=== Section Start ===

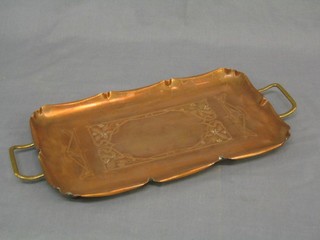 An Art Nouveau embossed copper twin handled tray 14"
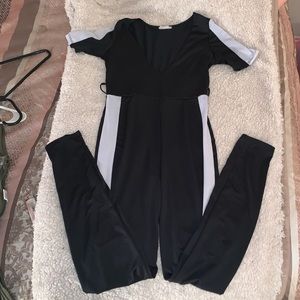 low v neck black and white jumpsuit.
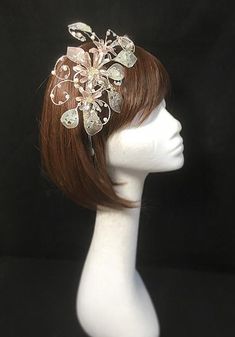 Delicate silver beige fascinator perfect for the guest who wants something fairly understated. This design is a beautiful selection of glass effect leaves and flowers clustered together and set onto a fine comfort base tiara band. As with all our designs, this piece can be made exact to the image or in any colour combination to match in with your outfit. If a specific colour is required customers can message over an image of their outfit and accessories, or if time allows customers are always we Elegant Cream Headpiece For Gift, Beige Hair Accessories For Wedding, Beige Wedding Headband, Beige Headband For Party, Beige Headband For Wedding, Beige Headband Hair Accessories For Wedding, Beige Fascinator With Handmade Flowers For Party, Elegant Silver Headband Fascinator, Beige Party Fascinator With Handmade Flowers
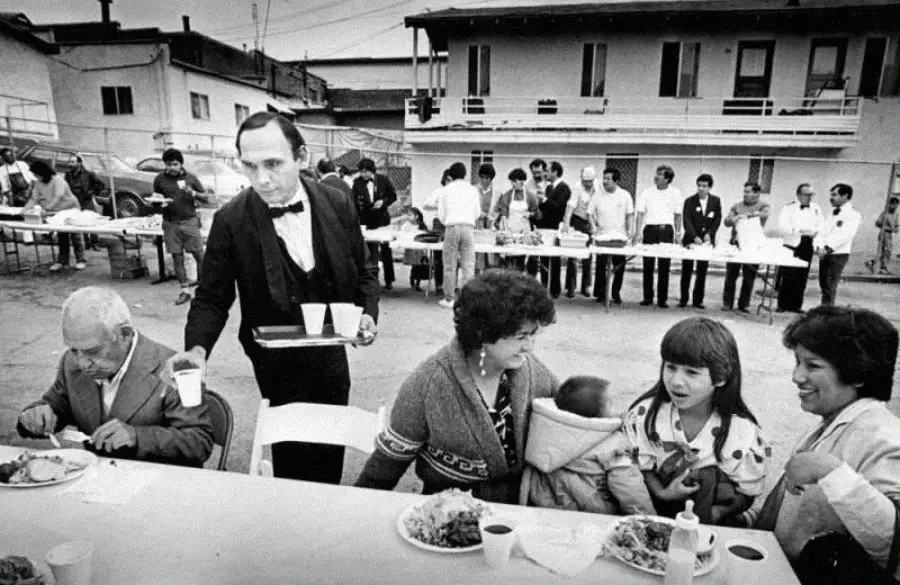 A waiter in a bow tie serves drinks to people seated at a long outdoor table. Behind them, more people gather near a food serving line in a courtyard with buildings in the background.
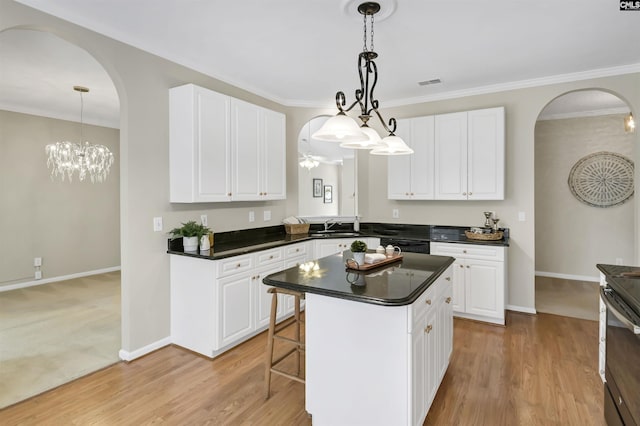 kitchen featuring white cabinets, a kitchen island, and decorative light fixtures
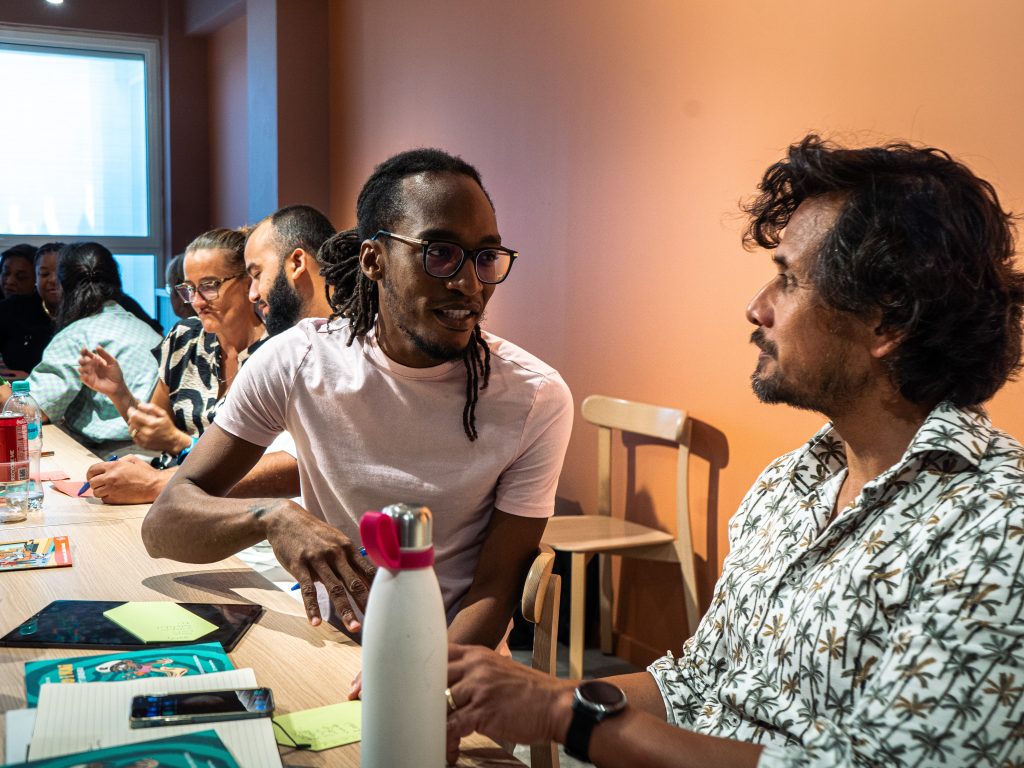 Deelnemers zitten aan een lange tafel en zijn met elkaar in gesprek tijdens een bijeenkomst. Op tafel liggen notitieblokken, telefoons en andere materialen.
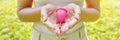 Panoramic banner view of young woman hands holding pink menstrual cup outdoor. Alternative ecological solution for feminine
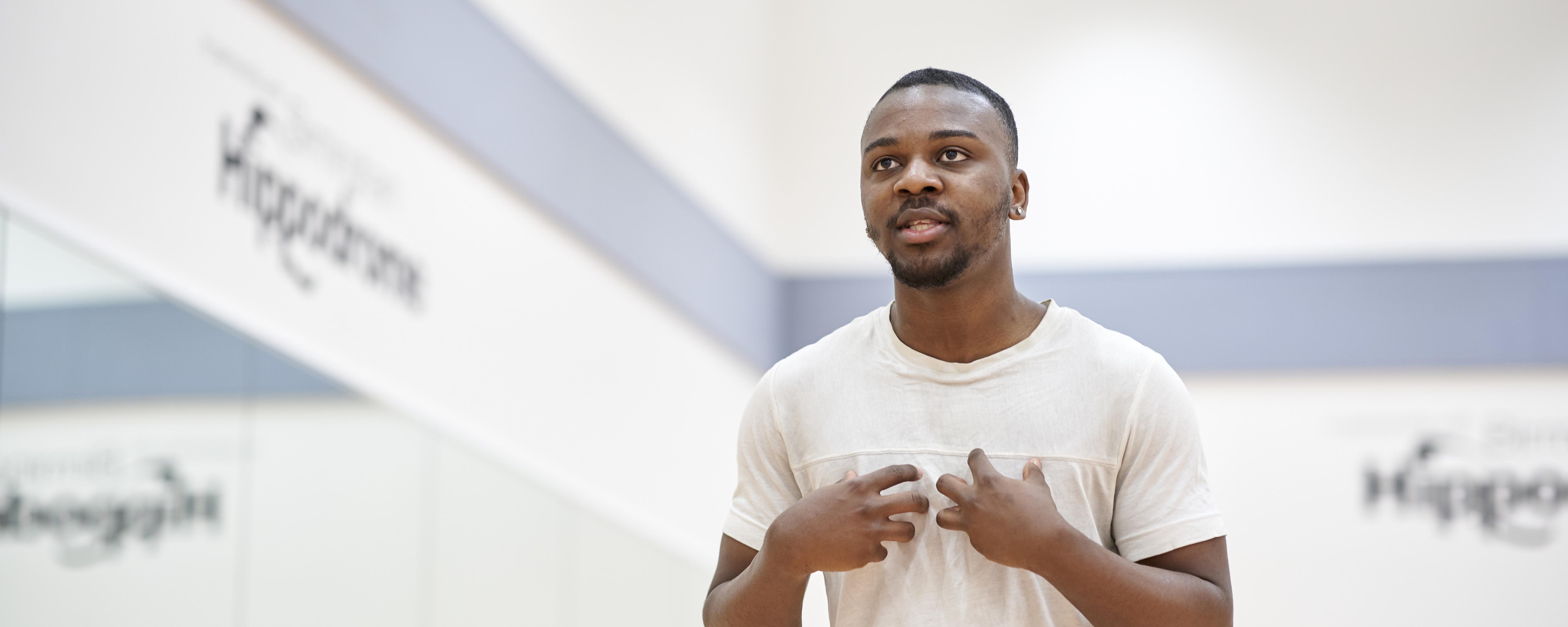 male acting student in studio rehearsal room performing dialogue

=== Section End ===
=== Section Start ===

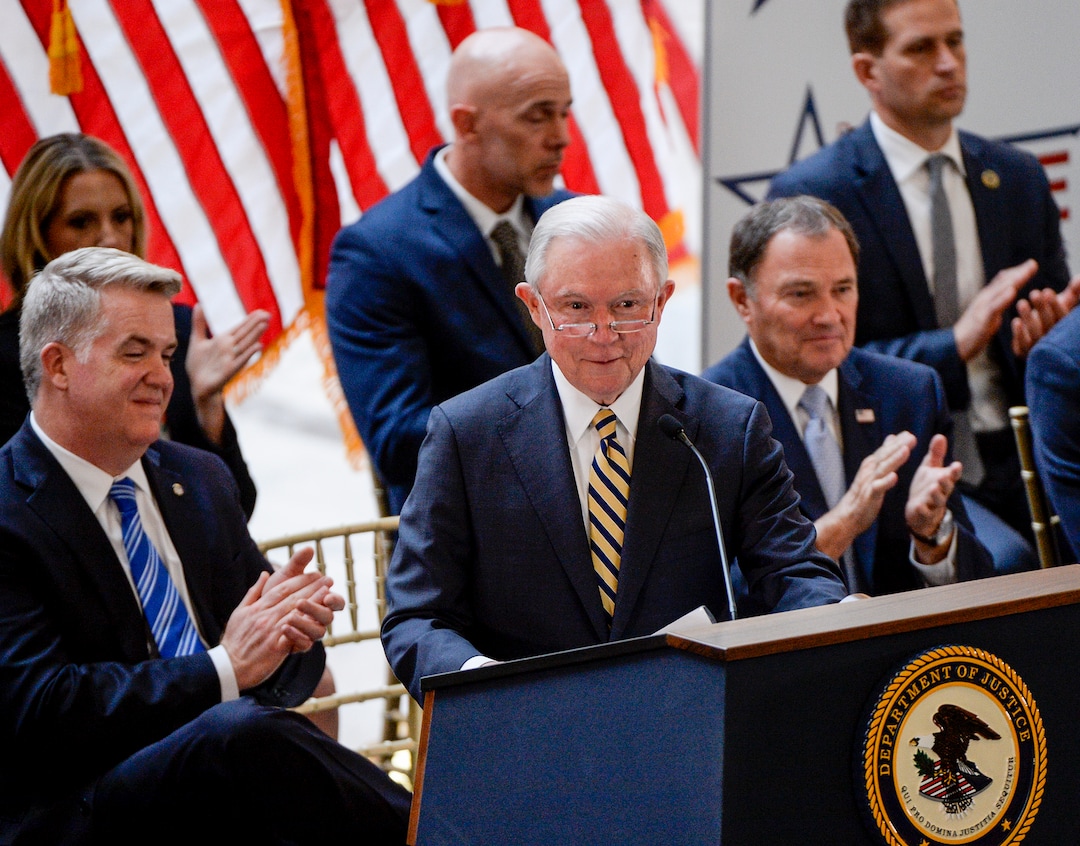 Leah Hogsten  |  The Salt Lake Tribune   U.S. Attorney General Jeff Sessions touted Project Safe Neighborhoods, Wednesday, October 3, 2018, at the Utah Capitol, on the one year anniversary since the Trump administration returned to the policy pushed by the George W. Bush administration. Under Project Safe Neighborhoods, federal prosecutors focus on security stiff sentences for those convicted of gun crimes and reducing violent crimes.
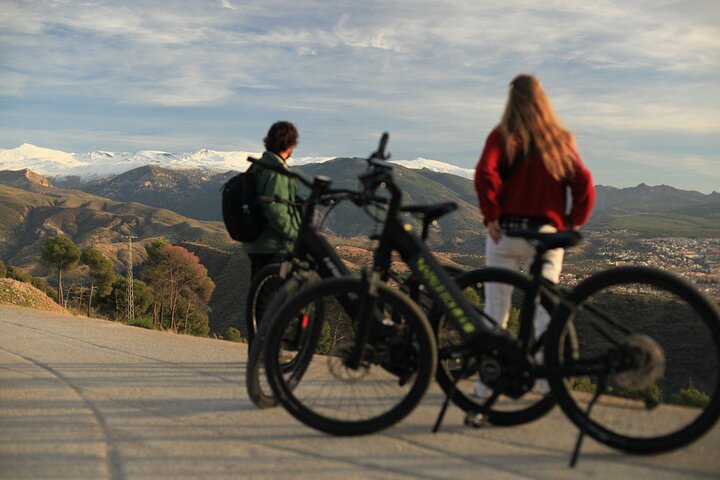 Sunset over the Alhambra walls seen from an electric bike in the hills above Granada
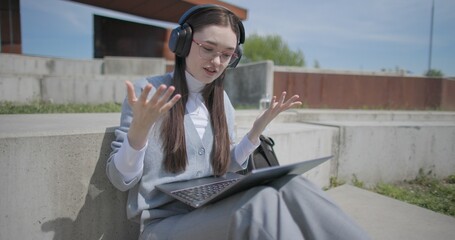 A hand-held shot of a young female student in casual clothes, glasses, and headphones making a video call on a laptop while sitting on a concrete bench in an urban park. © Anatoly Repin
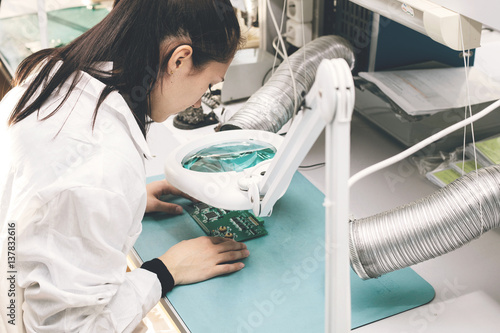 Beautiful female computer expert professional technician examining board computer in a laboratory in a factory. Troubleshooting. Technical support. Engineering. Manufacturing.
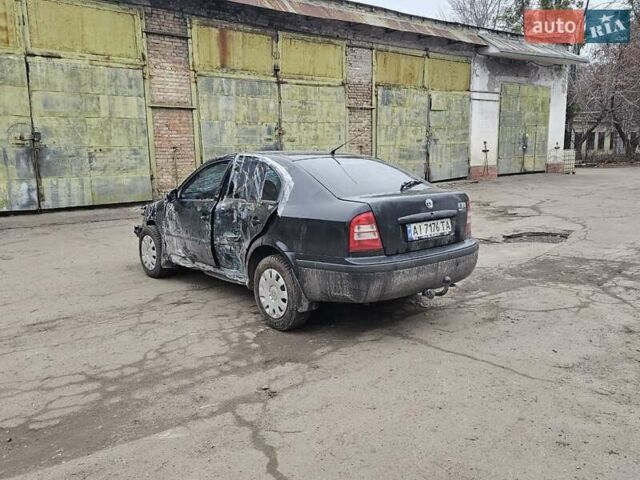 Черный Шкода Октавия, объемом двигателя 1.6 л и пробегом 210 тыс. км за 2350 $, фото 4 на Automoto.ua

=== Section End ===
=== Section Start ===

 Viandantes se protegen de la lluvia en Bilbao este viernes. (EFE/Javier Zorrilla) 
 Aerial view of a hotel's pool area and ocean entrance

=== Section End ===

## Problem
Set down again, exactly, every line above from the one with "Beautiful female computer" down to the one with "Черный Шкода Октавия, объемом", both ends included. No pictures, and nothing else.

## Solution to this exercise
 Beautiful female computer expert professional technician examining board computer in a laboratory in a factory. Troubleshooting. Technical support. Engineering. Manufacturing.
 Черный Шкода Октавия, объемом двигателя 1.6 л и пробегом 210 тыс. км за 2350 $, фото 4 на Automoto.ua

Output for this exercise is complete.